People caught on that girls and women can have it too and that they can be better at masking than anticipated. Nobody bothered to check me when I had all the symptoms for all my childhood and adolescence. It took me connecting the dots after age 30 to get the diagnosis.
The ironic part is that a lot of the people who are being diagnosed today are the ones who don’t have hyperactive bodies, but hyperactive minds. So those who CAN sit in front of a computer for hours and hours without making a peep, but can’t finish a project or do chores or meet on time or follow a conversation etc.
These people used to slip through the cracks because no one noticed that they spent all their day daydreaming instead of paying attention in class.

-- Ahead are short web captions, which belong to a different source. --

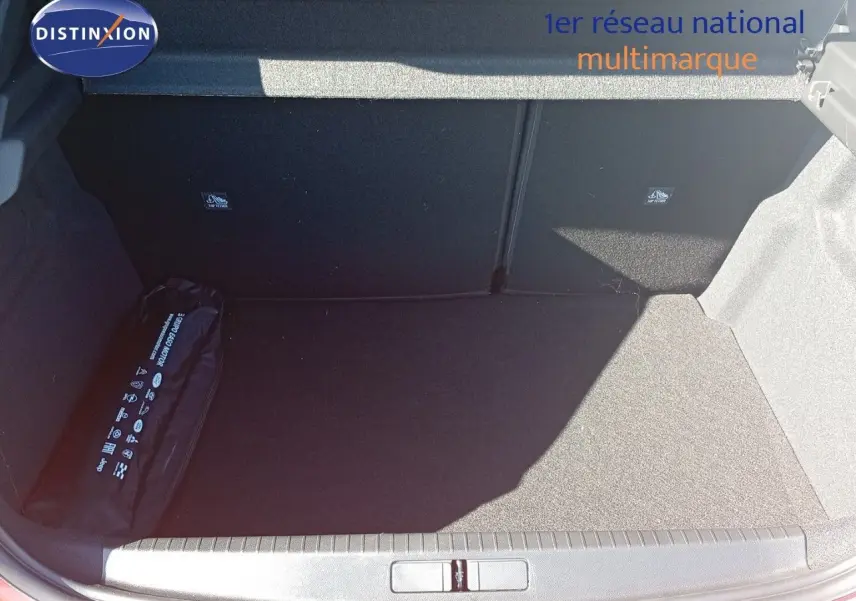 Coffre ouvert d'une Opel Corsa rouge Kardio métal avec toit noir, montrant un espace de rangement propre et un kit de sécurité.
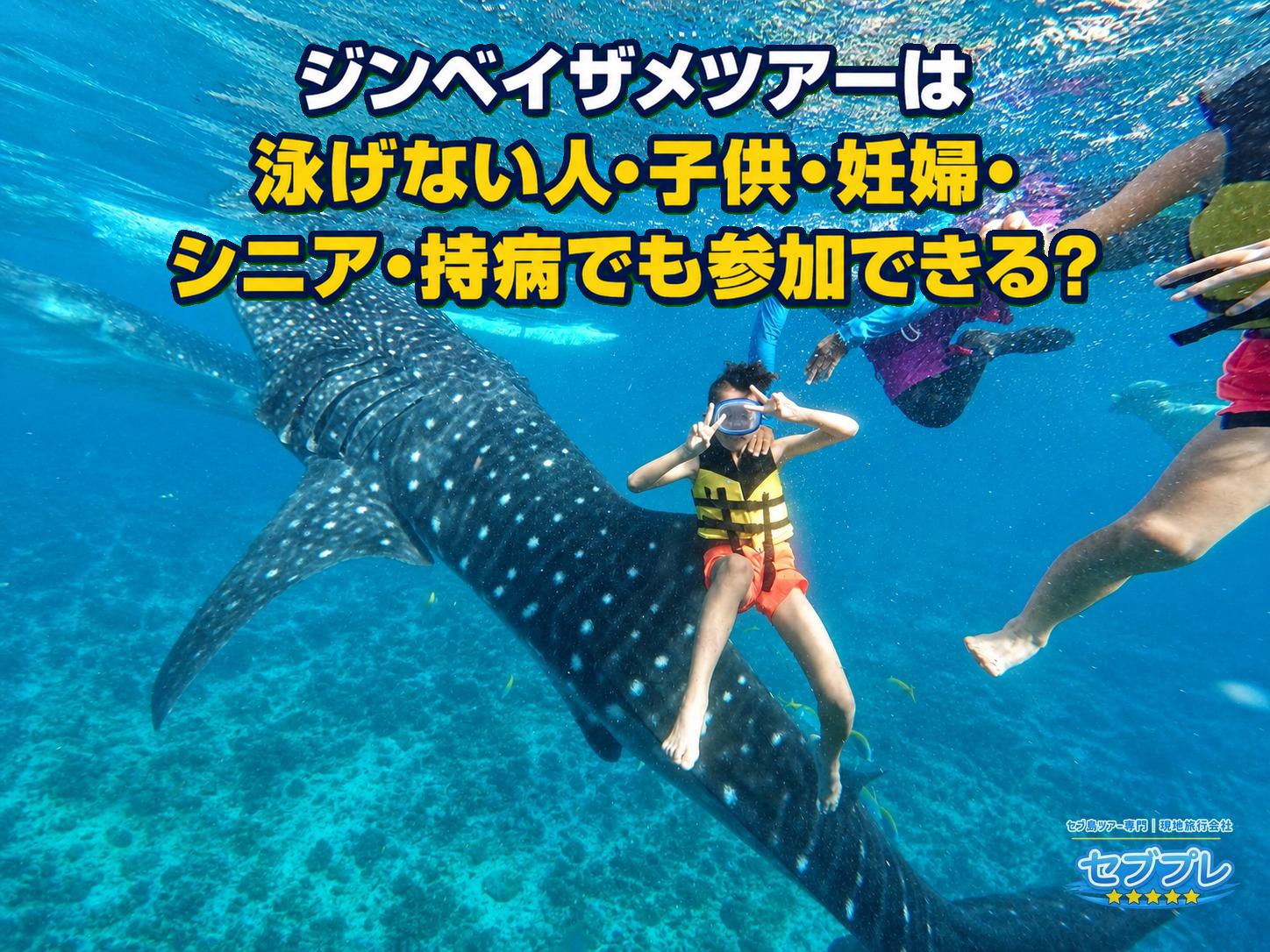 黄色いライフジャケットとゴーグルの子供がジンベイザメの近くで両手ピースをする水中実写。子供でも浮いて楽しめることを示す。
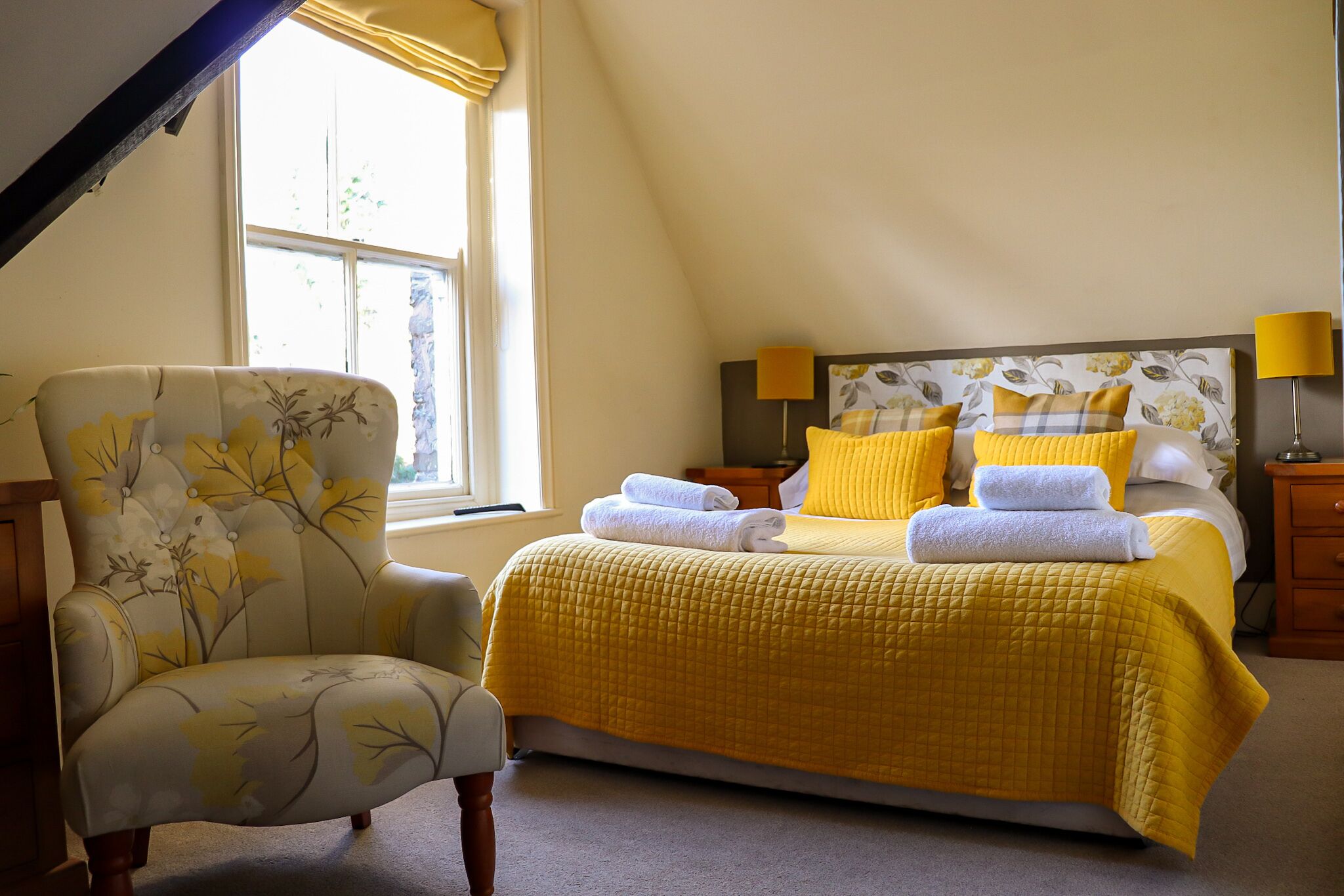 A bedroom with a bed, a chair, and a window.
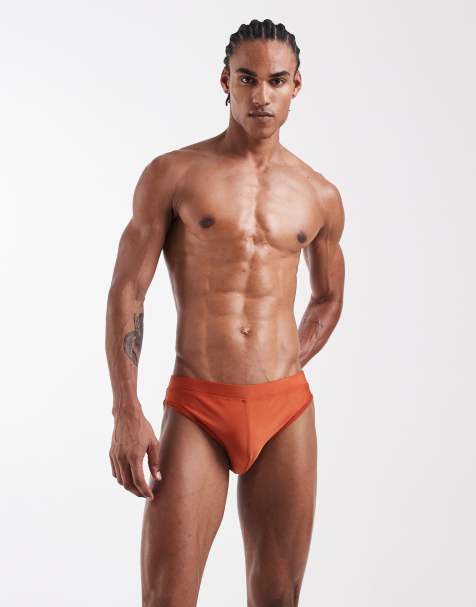 ASOS DESIGN swim briefs in rust orange - view 1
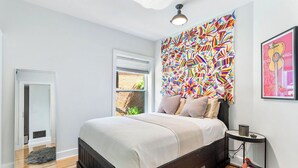 Une chambre à coucher moderne avec un grand lit, une œuvre d’art abstraite aux couleurs vives accrochée au mur, une petite table d’appoint et une chaise.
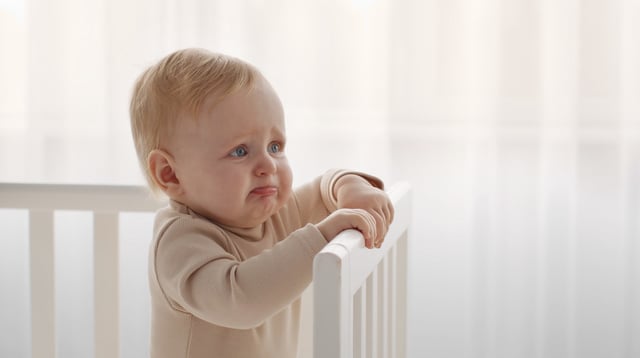 Little infant tired and hungry, start crying standing in crib, looking aside at empty space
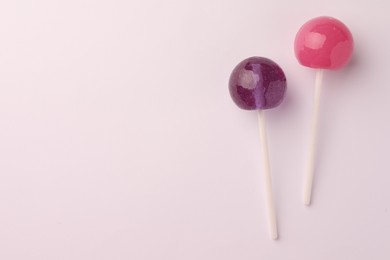 Tasty lollipops on white background, flat lay. Space for text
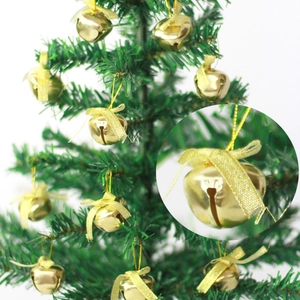 Detail of a gold Christmas bell with a golden bow hanging on a green tree branch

It’s 100% this, it’s the folks that bounce their kegs and fidget in their chairs but don’t feel the urge to actually get up and move. The ones that read 3 books a week in high school because our brains just need something to stimulate them and doing the same math exercises for the third week in a row isn’t cutting it. We are the ones that work in IT now, jumping from fire to fire but never being able to fix the underlying issues (but that’s okay since there isn’t money, time, or people to fix them anyways). We learned to hide the struggle because otherwise we were just called lazy, told to focus more, or work harder. Often we are pretty smart since instead of running in circles at lunch we read yet another book on some esoteric subject (and now have access to Wikipedia whenever we want which is not a blessing). In older parlance we have ADD, not ADHD, in modern terms we are often inattentive type, or combined. If we did well in school and weren’t the TV trope ADHD kid, no one bothered to check us.
- larger percent of people going for diagnosis
- better & more reliable diagnostics
- understanding that men arent the only ones susceptible to adhd
- understanding that adhd doesnt present identically across all populations
- better awareness in general of neurological differences
AFAIK, ADHD is something you’re born with. The things you list make it more difficult to live with ADHD, but they don’t create it.
Sort of. Medical science doesn’t know exactly, but there is good evidence pointing to genetic, epigenetic and environmental factors during gestation and early development. There is also things like subclinical (minor) cases then age and covid really amping them up.